-- PROBLEM DETAILS --
From first line to last, copy the listing exactly and omit its pictures.
BEGIN DATA TO USE
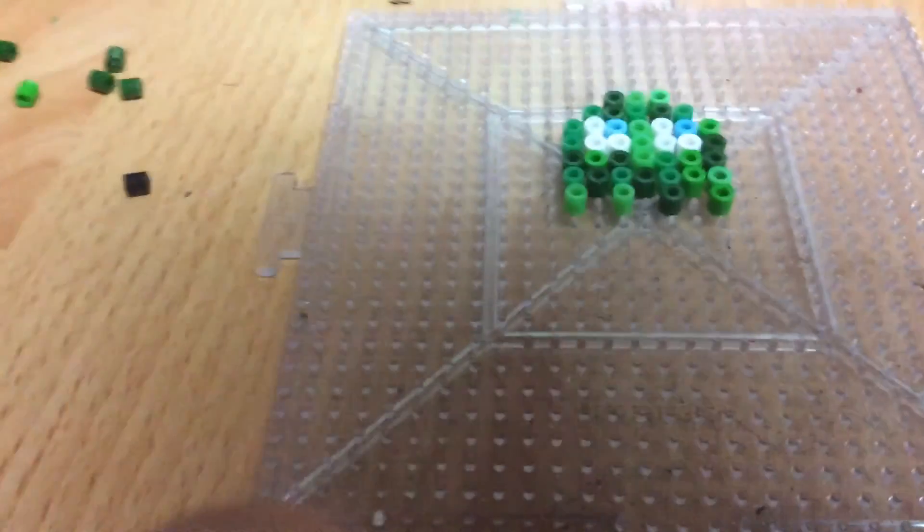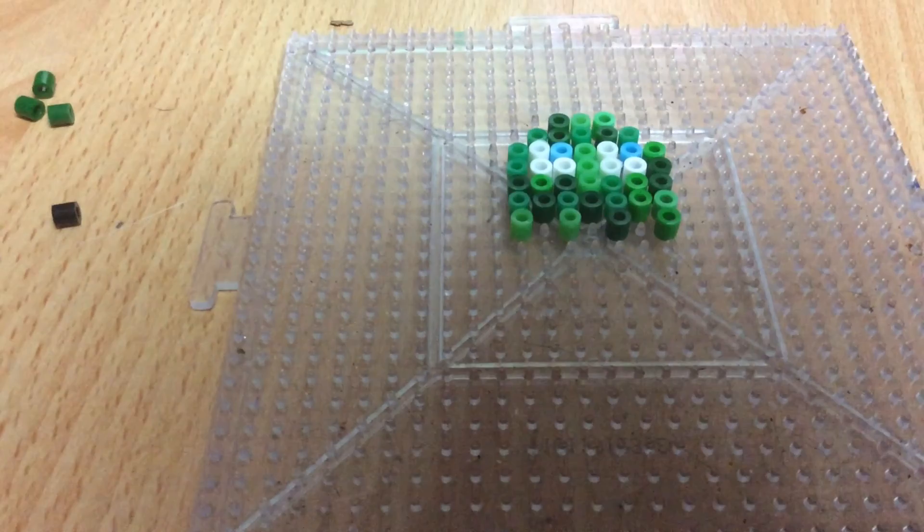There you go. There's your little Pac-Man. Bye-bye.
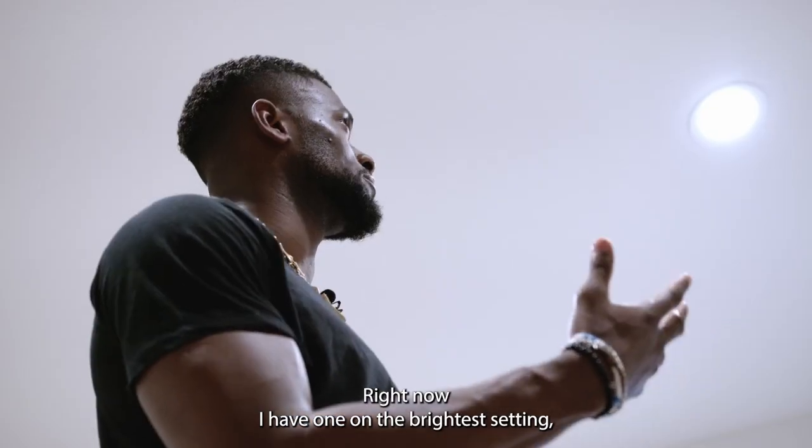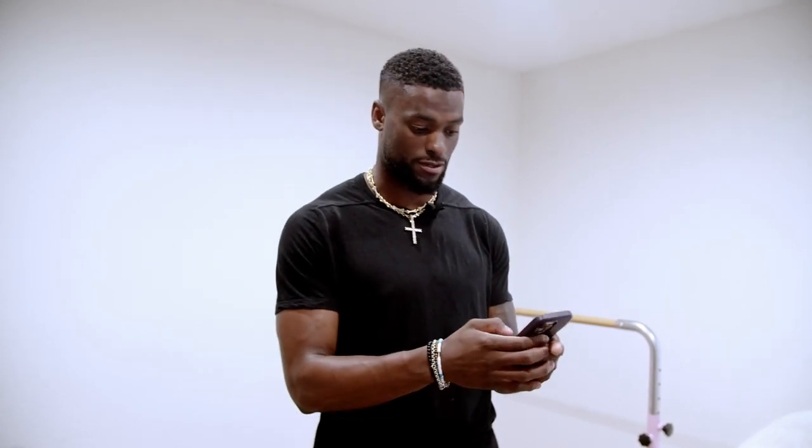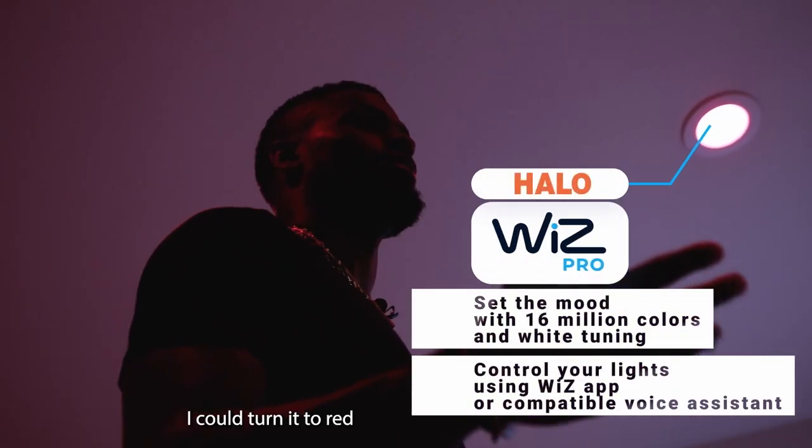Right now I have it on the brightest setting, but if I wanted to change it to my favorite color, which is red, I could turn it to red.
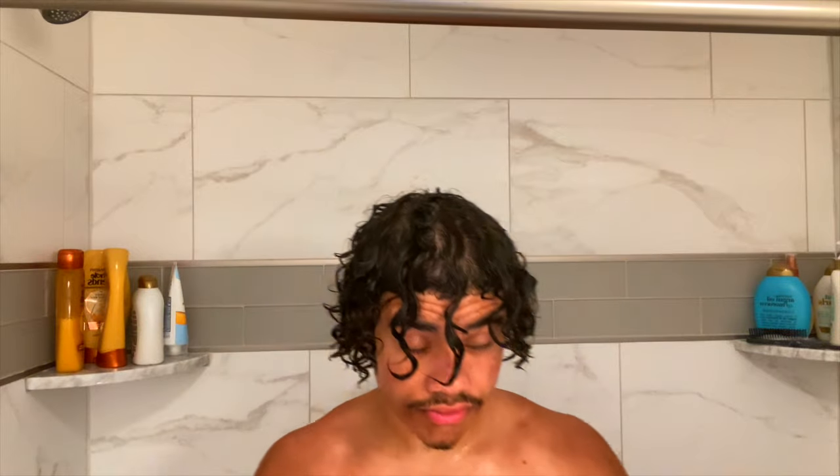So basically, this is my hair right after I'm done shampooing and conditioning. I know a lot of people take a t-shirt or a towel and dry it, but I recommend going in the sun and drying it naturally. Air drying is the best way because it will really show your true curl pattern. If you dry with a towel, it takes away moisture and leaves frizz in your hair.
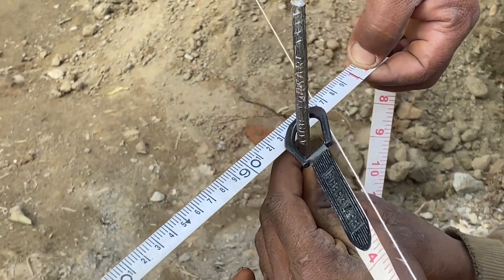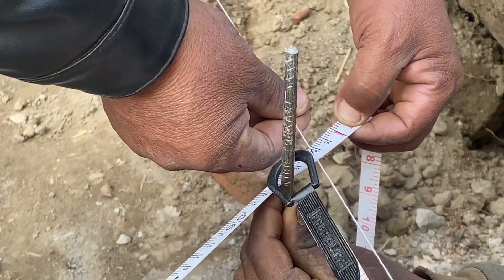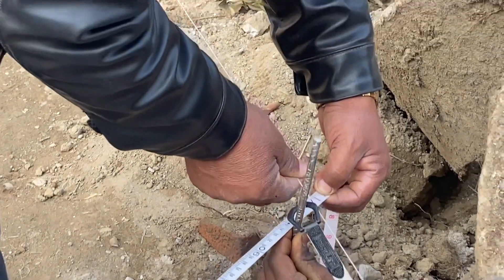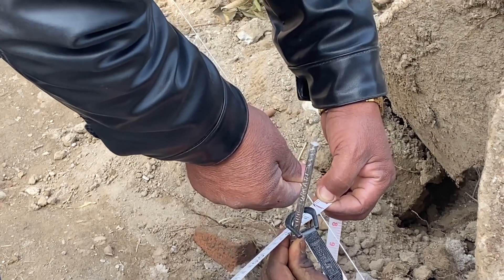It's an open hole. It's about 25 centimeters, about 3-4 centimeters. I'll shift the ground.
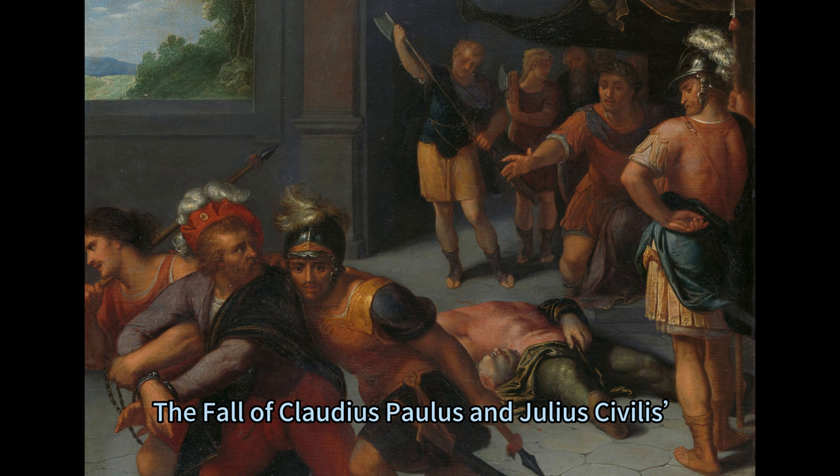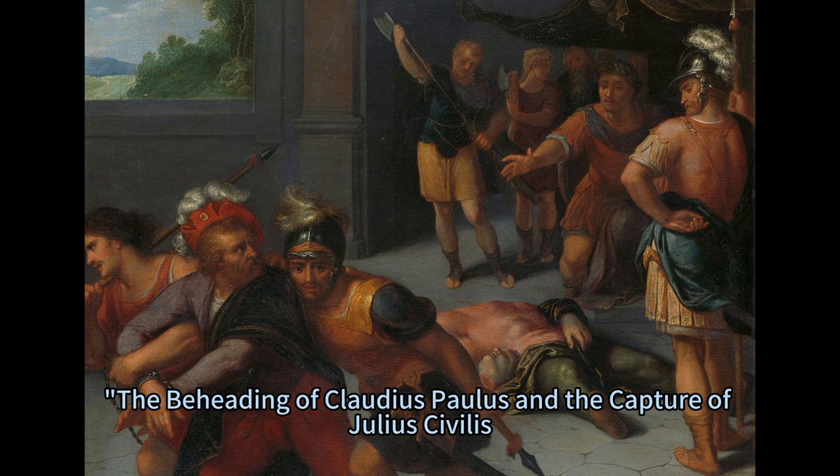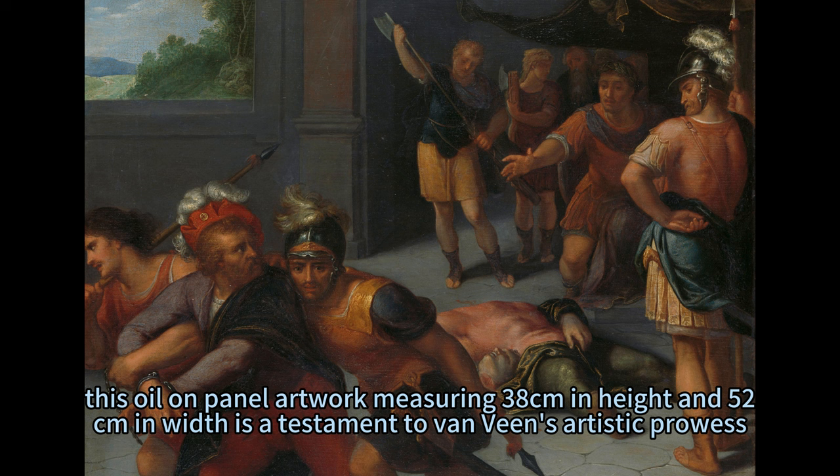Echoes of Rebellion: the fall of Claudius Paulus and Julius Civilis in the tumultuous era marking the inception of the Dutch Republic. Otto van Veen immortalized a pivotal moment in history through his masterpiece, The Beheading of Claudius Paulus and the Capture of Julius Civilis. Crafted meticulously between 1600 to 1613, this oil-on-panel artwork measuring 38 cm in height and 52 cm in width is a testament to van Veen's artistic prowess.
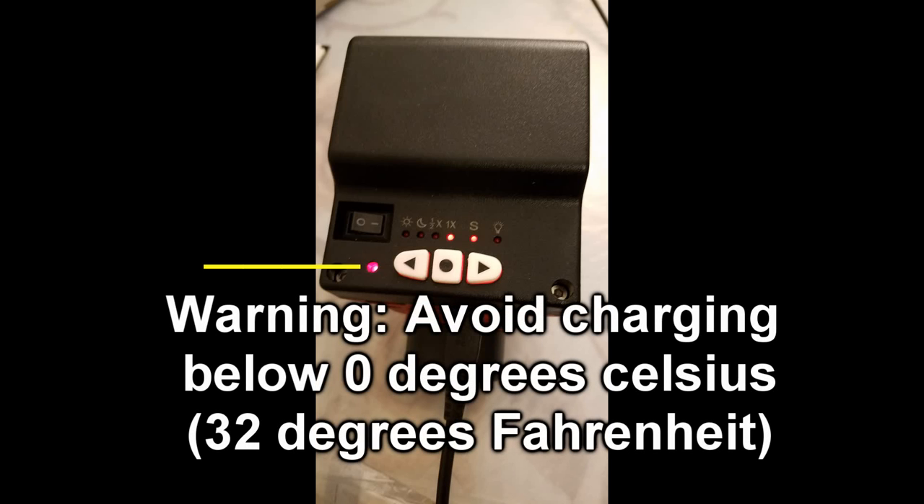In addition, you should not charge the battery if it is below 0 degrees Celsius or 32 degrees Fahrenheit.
END DATA TO USE
-- WRITTEN SOLUTION --
There you go. There's your little Pac-Man. Bye-bye.
Right now I have it on the brightest setting, but if I wanted to change it to my favorite color, which is red, I could turn it to red.
So basically, this is my hair right after I'm done shampooing and conditioning. I know a lot of people take a t-shirt or a towel and dry it, but I recommend going in the sun and drying it naturally. Air drying is the best way because it will really show your true curl pattern. If you dry with a towel, it takes away moisture and leaves frizz in your hair.
It's an open hole. It's about 25 centimeters, about 3-4 centimeters. I'll shift the ground.
Echoes of Rebellion: the fall of Claudius Paulus and Julius Civilis in the tumultuous era marking the inception of the Dutch Republic. Otto van Veen immortalized a pivotal moment in history through his masterpiece, The Beheading of Claudius Paulus and the Capture of Julius Civilis. Crafted meticulously between 1600 to 1613, this oil-on-panel artwork measuring 38 cm in height and 52 cm in width is a testament to van Veen's artistic prowess.
In addition, you should not charge the battery if it is below 0 degrees Celsius or 32 degrees Fahrenheit.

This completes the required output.